Die Recording Industry Association of America hat im Kampf gegen den illegalen Tausch von Songs im Internet nach monatelangen Drohungen Ernst gemacht. Sie reichte gestern gegen 261 Personen Klagen ein. Beobachter erwarteten, dass hunderte oder gar tausende weitere Klagen folgen könnten. Obwohl der Verband der US-amerikanischen Musikindustrie seit langem vor einem solchen Schritt gewarnt hatte, reagierten viele Betroffene entsetzt.

"Das kann doch nicht wahr sein", sagte Dan Murphy aus Kalifornien der Zeitung USA Today, dessen beide Kinder nach Angaben des Verbandes 650 Songs über das Internet ausgetauscht hatten. "Vielleicht hätte ich das Ganze etwas ernster nehmen sollen", meinte Murphy. Laut Klageschrift droht ihm nun als Verantwortlichem eine Strafe von 750 bis 150.000 US-Dollar (673 bis 135.000 Euro) pro Song. Allerdings hat der Verband bereits Bereitschaft zu einer "gütlichen Einigung" angedeutet.

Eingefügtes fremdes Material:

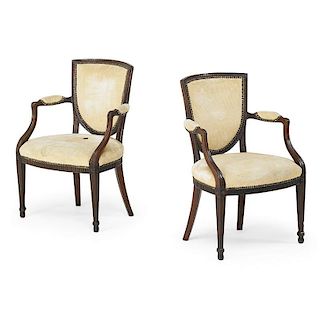 PAIR OF GEORGE III STYLE UPHOLSTERED ARMCHAIRS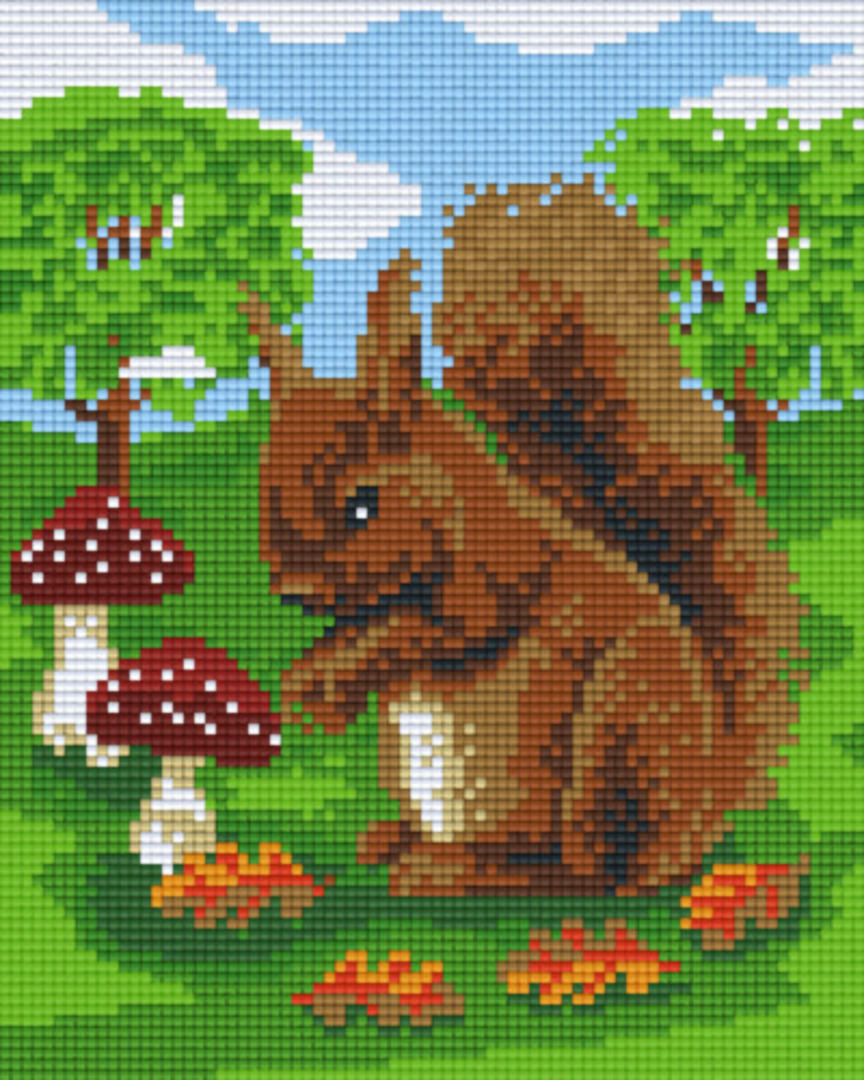 Squirrel With Mushroom Four [4] Baseplate PixelHobby Mini-mosaic Art Kit image 0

Auch kündigte der Verband eine -- unter Beobachtern umstrittene -- Amnestie für alle "bekennenden Sünder" an. Wer sich schriftlich verpflichtet, künftig keine Musik mehr über Internet-Börsen wie Morpheus oder Kazaa zu tauschen, entgeht der Strafverfolgung. Beobachter sprachen bereits von einer "Zuckerbrot-und-Peitsche-Methode" des mächtigen Verbandes.

RIAA-Präsident Cary Sherman erklärte, die Klagen seien vor allem gegen "die größeren Fische" eingereicht worden, die über 1000 urheberrechtlich geschützte Lieder über das Internet verbreitet hätten. Doch auch wenn der Verband die Namen der Verklagten bisher nicht bekannt gab, so zeigen Recherchen von US-Medien doch, dass auch "kleinere Fische" ins Netz gingen. Der Verband hatte die Internetprovider zuvor gezwungen, die Namen der Musik-Tauscher zu nennen.

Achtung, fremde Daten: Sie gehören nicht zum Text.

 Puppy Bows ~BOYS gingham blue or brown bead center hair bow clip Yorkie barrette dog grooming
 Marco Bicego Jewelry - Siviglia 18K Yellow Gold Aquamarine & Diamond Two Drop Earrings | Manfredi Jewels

Nach einer Risikoabschätzung des Newsdienstes Cnet müssen sich die meisten Musikfans keine Gedanken machen. Zum einen sei bei 60 Millionen Nutzern von Tauschbörsen die Chance ziemlich gering, von der Musikindustrie erfasst zu werden. Zum anderen bestehe keine Gefahr, solange die Zahl der getauschten Songs nicht in die Tausende gehe. Doch die Klagen der Industrie zeigen in den USA bereits Wirkungen. Vor allem Universitäten und Colleges, die den Studenten Internetanschlüsse zur Verfügung stellen, fürchten sich vor Klagen.

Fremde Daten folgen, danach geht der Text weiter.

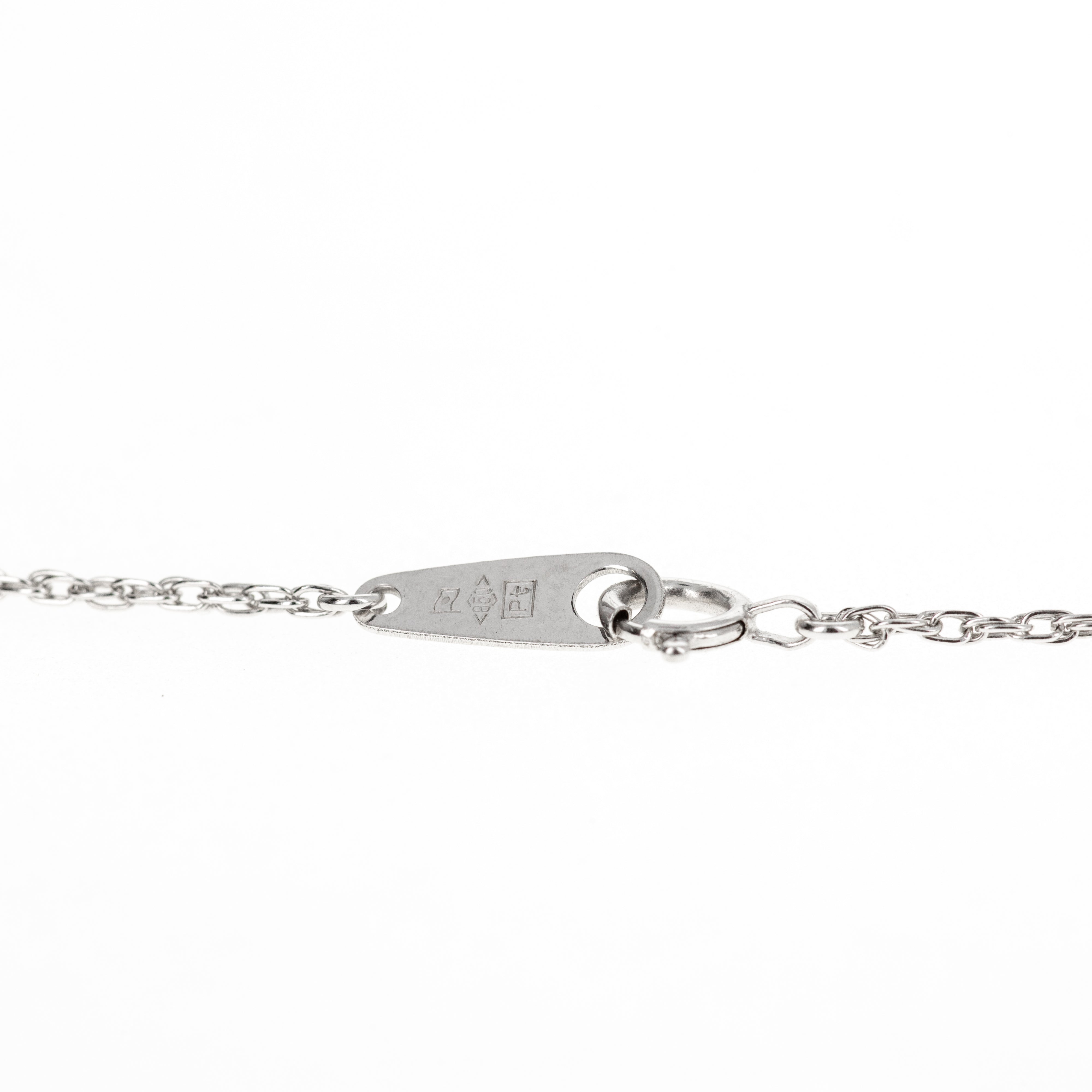 Platinum 0.67 Carat Pear Emerald Diamond Halo Pendant Necklace - Queen May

Nach einer Studie des Forrester-Instituts entgingen der US-Musikindustrie durch Copyright-Verletzungen im vergangenen Jahr 700 Millionen Dollar (630,6 Millionen Euro) an Einnahmen. Demnach hat etwa die Hälfte aller US-Amerikaner im Alter zwischen 12 und 22 Jahren bereits Songs aus dem Internet heruntergeladen. Die meisten erklärten in einer Umfrage, sie würden damit aufhören, wenn sie eine Klage fürchten müssten. (Thomas Müller, dpa) / (anw)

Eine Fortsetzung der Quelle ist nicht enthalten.